Like Colombia and Kenya, the northern coffee growing region of Sumatra (most commonly known as ‘Lingtong’) has two crops in May/June and Sept/Oct. The crops in Aceh (more commonly known as ‘Mandheling’) are more typically harvested around a month later.
A visit like ours around Sumatra – from teeming traffic chaos in Medan to endless fertile upland countryside (coffee is growing around 1000-1300m; higher in some cases) – will give the visitor a perspective of the potential of this huge country covering many thousands of islands. Three years ago, NGO’s and audit agencies were thin on the ground but now the area is crawling with Utz Kapeh, Fairtrade, Skal Organic, 4C, Cafe Practices, Rainforest Alliance – you name it. A veritable blizzard of certification agencies has descended on Sumatra as the place seems to have been ”discovered” in the past few years as doubtless vast quantities of aid (and aid agency staff) poured in after the tsunami.
At Mercanta, our methodology is simple – and perhaps it will not satisfy the ‘badge and label’ buyers who need to justify themselves to large retailers and their customers. But it will satisfy our Speciality Coffee roaster customers in 25 countries who rely on us to discover very fine quality (85+ points) Sumatra coffee.
And, hey – since it does matter – yes, we pay a lot more than certification baseline prices in order to ensure our pick of the crop.

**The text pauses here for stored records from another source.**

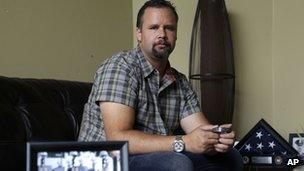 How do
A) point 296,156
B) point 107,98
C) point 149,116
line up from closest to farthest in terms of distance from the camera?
point 107,98
point 149,116
point 296,156

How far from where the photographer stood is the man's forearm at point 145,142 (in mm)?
1431

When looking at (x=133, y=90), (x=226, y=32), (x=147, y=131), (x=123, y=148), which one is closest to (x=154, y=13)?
(x=133, y=90)

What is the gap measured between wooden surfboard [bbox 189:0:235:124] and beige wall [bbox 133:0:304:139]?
207mm

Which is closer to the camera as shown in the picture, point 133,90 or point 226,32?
point 133,90

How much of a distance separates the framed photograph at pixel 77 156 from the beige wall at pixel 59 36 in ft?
3.72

Genuine specialty buyers are more aware than ever that premium prices are commonplace to secure the best of crop (witness Cup of Excellence average prices now at above USD$6/lb for testimony to that fact). We will continue to see the ‘badge and label’ and the ‘quality’ businesses diverge and diversify in two entirely different directions. The minimum guaranteed price will continue to provide a safety net for those growers lacking market access or unable to produce suitably high quality for the more discerning customers. Meanwhile, competition amongst the leading specialty coffee roasters and importers will continue to mean that prices far above these guaranteed minimums will be necessary to secure the pick of the crop based on cup quality.